On television game shows, contestants sometimes will eat cockroaches or jump from planes to earn a quarter of a million dollars. At UCSD, the six college student councils have their own way to earn that sum of money: charge everyone enrolled in classes 65 cents in student fees every quarter for six years.
The difference, however, is that the game show winners actually receive their cash prizes after the competition. College councils have not received a penny of the funding that A.S. Council owes them since 2006.
According to a recent report compiled by a former councilmember, A.S. Council has withheld over $44,000 in funding to the college student councils for most of the past decade. The fee, which was approved by the student body as a 50-cent increase in 1985 and raised to 65 cents in 1988, is meant to be allocated annually back to college councils, but A.S. Council discontinued the funding allocation to college councils in 2006.
Years later, council has been served with a grievance for the financial neglect which the co-authors of the document say is an A.S. constitutional mandate. Granted, we expect that there is likely some political motivation behind the timing of the grievance, but the authors — all three former councilmembers — see only two solutions: end the fee by a repeal referendum, or cough up the dough. A.S. Council needs to stop avoiding the college council funding action, and stop violating its own constitution.
College council funding exists to boost student activity funding at the college level, at least in theory. The money is not a ton of coin (What would one expect for 65 cents?), but the roughly $8,000 each college expects to receive annually is certainly enough to run a sizable event, or help maintain basic operations.
With that in mind, the loss of the funding hasn’t completely killed the college councils. The six councils, at least since we’ve been here, have been fully operational and are making do, even in the face of financial struggle (a familiar feeling). It is certainly possible that college councils are treading water or even thriving in the absence of the money they are owed, but the real problem lies with the fee-paying student.

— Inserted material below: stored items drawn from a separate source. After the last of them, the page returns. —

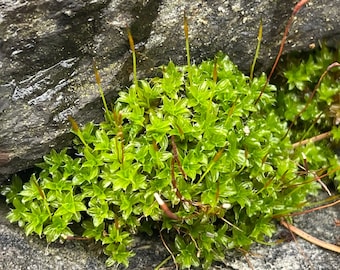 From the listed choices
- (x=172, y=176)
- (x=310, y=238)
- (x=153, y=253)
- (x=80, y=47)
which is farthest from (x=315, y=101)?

Students pay this fee because folks old enough to be our parents voted to fund the then-four college councils to breathe life into the part of our university that the admissions office prides itself in “making a big university small.” We aren’t paying into the system just to boost A.S. Council’s own checkbook. This fee is inherently owed to colleges, and if they aren’t seeing the green, we shouldn’t pay the fee.
The real antagonists here are not the current councilmembers, who were only sworn in four weeks ago. A tentative budget for the 2013–2014 year shows A.S. Council planning a small allotment of around $7,300 to the colleges (albeit with an asterisk indicating that the allocation is up for review in the fall). This is certainly a step in the right direction, but nowhere near the $248,144.85 cited in the report released last week.
A.S. Council has been spending the money owed to college councils as if it were part of its normal revenue, with the funds being allocated elsewhere — in part to close gaps in its budget like it had in Fall Quarter 2012. Regardless of fault, current students are still paying for what has become a small Band-Aid for a bullet wound to the chest of budgetary issues.
As of now, it’s a higher priority for us to see our fees go toward something tangible. We pay a RIMAC fee, and thus, we have access to use the RIMAC facilities. Our athletic fees pay for us to have sports teams. The same is true for our University Centers fees. We expect some bang for our buck, but our student leaders have been shooting blanks for years.
Council needs to address this issue before we enter another year of paying for nothing. And while the grievance should push this issue to the top of the current council’s agenda, we hope that the political climate among our campus leaders remains stable and that this doesn’t spark a year of divide.
Councilmembers aren’t exempt from fees — they pay them, too. But we all deserve to be held to the simple economic principle of getting what we pay for.